3.4. Fashion Recommendation System

RS is a software tool and a method of presenting suggestions and recommendations for items that users will find helpful. In addition to buying, watching, listening to, or reading news, users make many other decisions related to these suggestions. Different applications have been developed with recommendation systems. Systems that recommend items aim to match the user’s needs with items that fit their needs [44]. It provides the best outfit combinations for users lacking fashion knowledge [45]. There are different traditional approaches to developing a recommendation system, such as cosine similarity and Pearson correlation. We develop an efficient and faster recommendation system using the DINOv2 model for feature extraction and FAISS for an efficient nearest neighbor search.

Cosine similarity provides a helpful indicator of how similar two objects are. It is a straightforward mathematical tool to understand and apply computationally. Cosine similarity is a metric that may be applied in recommendation systems and is based on the cosine distance between two objects [46]. It serves as a distance measurement metric between two places in the plane and is represented as the cosine of the angle between two vectors [46].
Pearson correlation is the linear correlation between two sets of data. It is effectively a normalized measurement of the covariance, with the result always falling between 0 and 1 [47]. It is the ratio between the covariance of two variables and the product of their standard deviations. The measure can only depict a linear connection of variables, similar to covariance itself [48]. It is determined as the ratio between the covariance of the two sample variables and the product of their standard deviations, where a and b are the individual sample points indexed with i [49].
The Euclidean distance between two users is determined by the length of the connecting line segments. Available items make up the preference area, and user-rated items make up the axes. We look for products that customers with similar tastes favor based on user evaluations [50]. The likelihood that two people will appreciate comparable items increases with decreasing distance [51].
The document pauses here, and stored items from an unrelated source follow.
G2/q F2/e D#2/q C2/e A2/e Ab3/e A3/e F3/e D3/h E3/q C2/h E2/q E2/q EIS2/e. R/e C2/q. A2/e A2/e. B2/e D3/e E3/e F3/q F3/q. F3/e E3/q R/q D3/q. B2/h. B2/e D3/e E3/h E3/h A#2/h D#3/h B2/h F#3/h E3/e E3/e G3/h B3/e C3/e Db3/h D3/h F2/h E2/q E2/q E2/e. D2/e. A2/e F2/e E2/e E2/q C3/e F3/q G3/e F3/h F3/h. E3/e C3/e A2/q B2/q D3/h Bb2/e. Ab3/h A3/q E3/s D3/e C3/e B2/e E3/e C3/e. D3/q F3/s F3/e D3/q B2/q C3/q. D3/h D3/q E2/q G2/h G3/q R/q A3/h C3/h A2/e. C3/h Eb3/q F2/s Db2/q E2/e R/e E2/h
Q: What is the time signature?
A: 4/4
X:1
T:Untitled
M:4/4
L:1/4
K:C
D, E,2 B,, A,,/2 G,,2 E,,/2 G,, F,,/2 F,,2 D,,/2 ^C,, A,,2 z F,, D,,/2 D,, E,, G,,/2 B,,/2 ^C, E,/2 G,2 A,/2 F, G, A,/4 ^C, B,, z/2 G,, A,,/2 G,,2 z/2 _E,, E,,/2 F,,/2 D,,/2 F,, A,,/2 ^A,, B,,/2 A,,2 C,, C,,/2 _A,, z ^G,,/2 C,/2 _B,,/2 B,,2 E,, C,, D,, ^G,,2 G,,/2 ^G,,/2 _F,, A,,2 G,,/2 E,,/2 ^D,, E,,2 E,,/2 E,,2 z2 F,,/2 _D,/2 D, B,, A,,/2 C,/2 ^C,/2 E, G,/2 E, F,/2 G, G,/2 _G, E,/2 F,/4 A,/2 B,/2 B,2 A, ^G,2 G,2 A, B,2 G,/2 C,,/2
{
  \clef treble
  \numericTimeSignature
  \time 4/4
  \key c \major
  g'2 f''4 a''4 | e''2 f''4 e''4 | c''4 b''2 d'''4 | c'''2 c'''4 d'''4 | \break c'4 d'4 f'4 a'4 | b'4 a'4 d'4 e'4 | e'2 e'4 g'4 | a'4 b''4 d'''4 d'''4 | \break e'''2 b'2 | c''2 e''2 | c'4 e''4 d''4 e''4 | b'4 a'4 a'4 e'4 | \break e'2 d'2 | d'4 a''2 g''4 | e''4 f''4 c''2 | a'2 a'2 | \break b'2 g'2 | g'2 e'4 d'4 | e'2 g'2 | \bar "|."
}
The Proposed Recommendation System Using DINOv2 Model and FAISS

This section outlines the methodology used to implement the recommendation system using the DINOv2 model for feature extraction and FAISS for an efficient nearest neighbor search. This methodology aims to demonstrate the effectiveness of DINOv2 features in retrieving nearest neighbor images from a given dataset.

Firstly, we employ the Gradio library [52] to create a user-friendly interface for interaction with the instance retrieval system. The interface allows users to upload images and immediately visualize the nearest neighbor images retrieved from the dataset. There are several main steps required to build a recommendation system, as shown in Figure 3.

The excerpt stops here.